Serba-Serbi Kampung Inggris Pare:
Orang-orang dan Kulturnya
Sebenarnya
sudah lama Saya ingin menulis pengalaman berada di Kampung Inggris, setidaknya
pernah terbenak sejak hari-hari awal berada di sini, tapi entah karena
bisikan-bisikan ar-rajim yang selalu
mengelus-elus kemalasan saya atau mungkin saja karena kodrat yang condong mengarahkan
Saya menjadi seorang yang pemalas. Untung ada Kang Gelar, senior Saya saat
ngampus di UPI yang memosting tulisannya di facebook
tentang kehidupannya di Birmingham, membuat tangan ini gatel untuk
mengikutinya.
Kenapa
Saya harus pergi ke Kampung Inggris? Alasannya cukup pragmatis, karena Saya
ingin melanjutkan pendidikan ke jenjang yang lebih tinggi di kampus impian
(Insyaallah Birmingham University, jurusan Islam-Christian Relation). Mungkin
kalian bertanya, “kalau hanya itu alasannya, kan bisa kamu kursus di tempat yang lebih dekat dengan tempat
tinggal, tanpa harus jauh-jauh pergi ke Jawa Timur.” Hey dude, Saya sudah mencobanya berkali-kali, dan masih belum
membuahkan hasil yang diharapkan. Setelah belajar dari masa lalu, Saya
menyadari bahwa lingkungan adalah hal yang terpenting dalam belajar bahasa. So, I have to reach it. Sekolah dari SD
(kelas 6) sampai SMA di Bekasi selalu ada mata pelajara Bahasa Sunda, tapi
tetap saja Saya tidak pernah bisa memahaminya, apalagi mempraktikkannya. Eh,
pas kuliah di Bandung, hanya butuh beberapa waktu saja untuk bisa
mempraktikkannya. Begitulah kurang lebih.
Saya
tiba di Pare kira-kira jam sebelas pagi, setelah mencarter angkot dari Stasiun
Kediri. Untungnya ketemu dengan sopir angkot yang baik hati, karena beliau
mengantarkan Saya sampai di depan pintu gerbang Elfast. Saya mengambil paket
satu bulan di lembaga ini. Setelah melakukan registrasi ulang, mencari tempat
kos adalah tujuan Saya selanjutnya. Dua ratus lima puluh ribu untuk satu bulan,
adalah harga yang Saya sepakati dengan penjaga kos. Adakah tempat kos semurah
ini di Bandung? Mungkin ada, tapi pasti kalian sudah dapat membayangkan seperti
apa bentuk fisiknya. Terhitung mulai senin besok, kami seluruh anak di tempat
kos ini harus berkomunikasi dengan menggunakan bahasa Inggris secara
keseluruhan. Saya pribadi tidak berkeberatan, alih-alih merasa tertantang.
Teman
sekamar Saya adalah seorang pemuda lulusan SMA di Lampung. Sebenarnya Saya
ingin sekali menceritakan kisah “konyol”nya dengan begitu detail di sini, yang
usut punya usut kedatangannya tidak memiliki hubungan sama sekali dengan Inggris-keinggrisan.

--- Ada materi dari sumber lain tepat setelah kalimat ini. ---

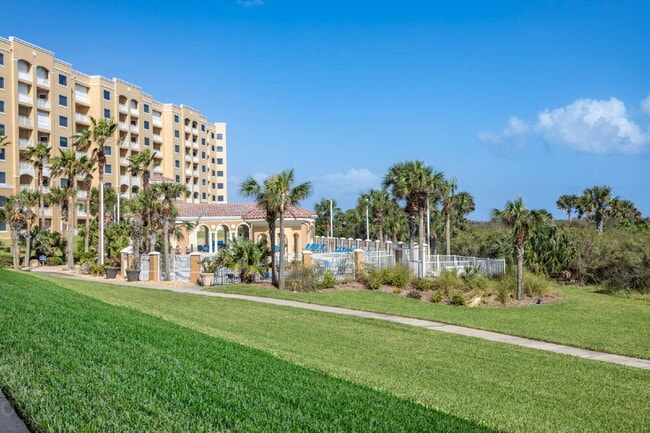 Building Photo - Stunning 8th-Floor Oceanview Condo – 3 Bed, 2.5 Bath
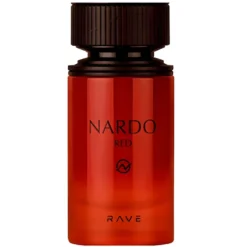 Rave Nardo Red woda perfumowana spray 100ml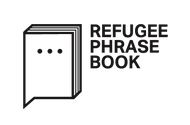 Logo Refugee Phrasebook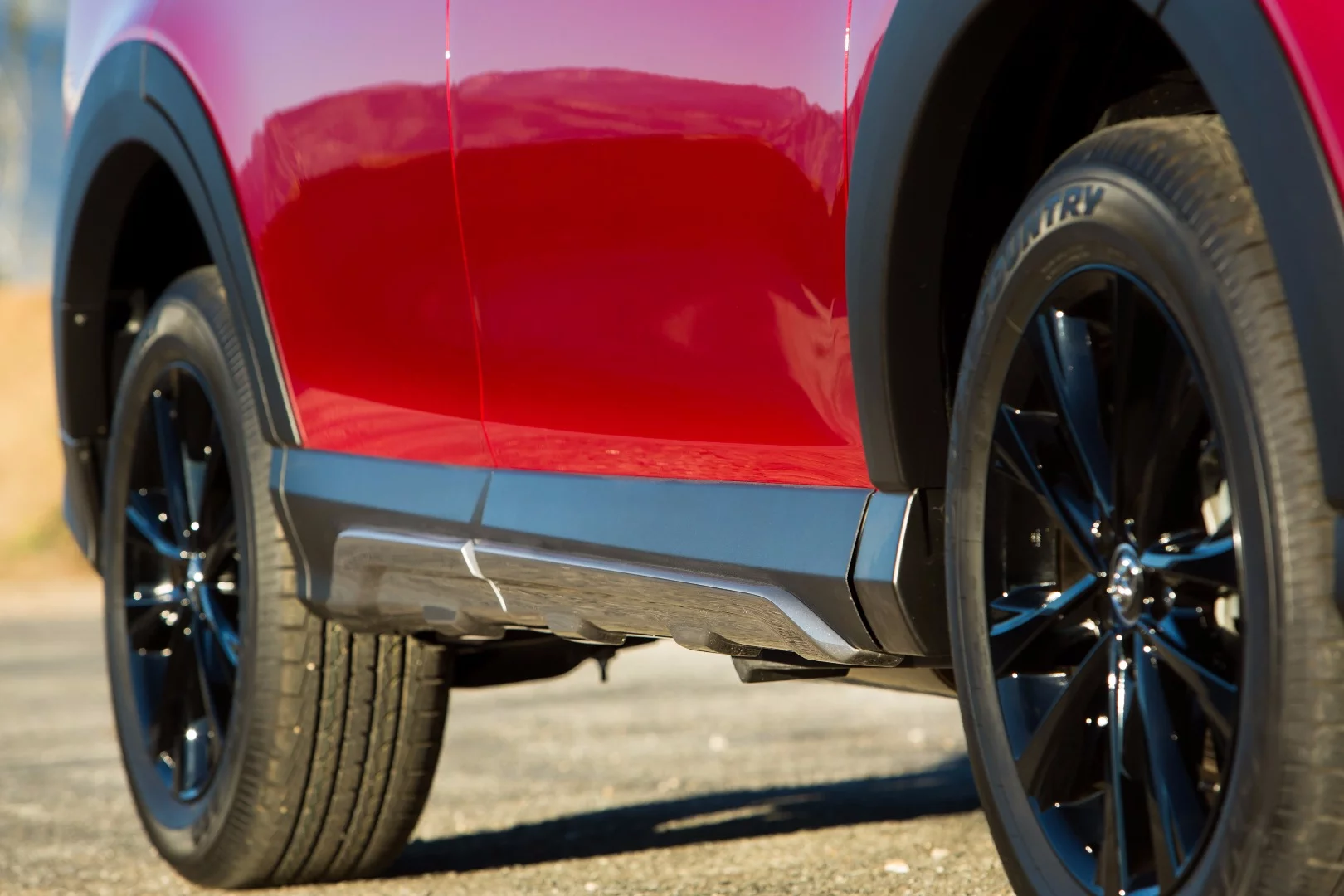 Toyota RAV4 Adventure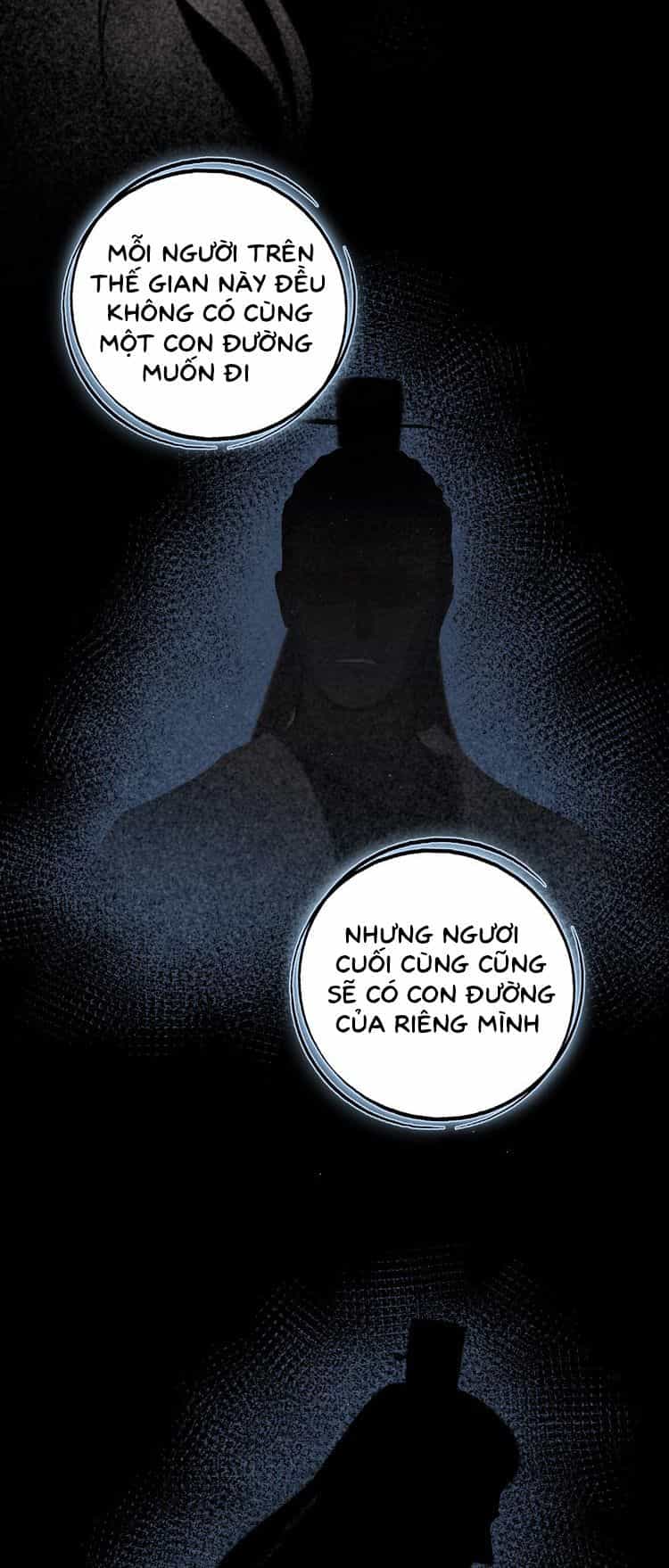 Mãn Đình Phương - Thiên Hạ Duy Khanh - Chương 7 - ảnh 8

Ini murni soal asmara yang irasional. Benar, cinta memang sering terperangkap ke
dalam ketidakrasionalan. Dia hanya bertahan beberapa hari setelah realitas memutuskan
bahwa cintanya kandas di Pare. Belakangan dia mengabarkan kalau dirinya hampir
saja tertipu seorang perempuan Solo yang menawarinya pekerjaan tetapi harus
membayar uang muka sebesar 8,5 juta di muka. Pekerjaan macam apa itu?
Masih
soal asmara. Kalau di atas bisa dikatakan sebagai kisah tragis, ini sebaliknya.
Pemilik kos-kosan Saya malah mendapatkan jodoh di sini. Dengan bermodus sebagai
tutor –belakangan banyak pemuda yang melakukan trik ini- bahasa Inggris, dia
berhasil mengait hati seorang wanita lulusan Perpuskaan UPI. Sekarang dia
sedang meluaskan jaringan bisnis kursus bahasa Inggris di beberapa tempat. Di
Pare pernah berjalan, sayangnya tidak lama dan akan aktif lagi, tapi di
Majalengka.
Dari
asmara kita berpindah ke kuliner. Pare bisa dibilang merupakan surganya makanan
murah, meskipun harga minumannya relatif sama dengan yang ada di kota-kota
besar. Warung depan Elfast adalah tempat favorit Saya. Bisa dibayangkan, warung
ini menggratiskan sayur-mayur dengan porsi sepuasnya dengan hanya membayar lima
ribu rupiah saja. Kalau mau pakai telur –baik dadar maupun ceplok- cuma jadi
enam ribu rupiah. Atau ikan lele, cuma jadi delapan ribu. Kalau dihitung secara
matematik, masa harga telur cuma seribu rupiah; ikan lele tiga ribu rupiah?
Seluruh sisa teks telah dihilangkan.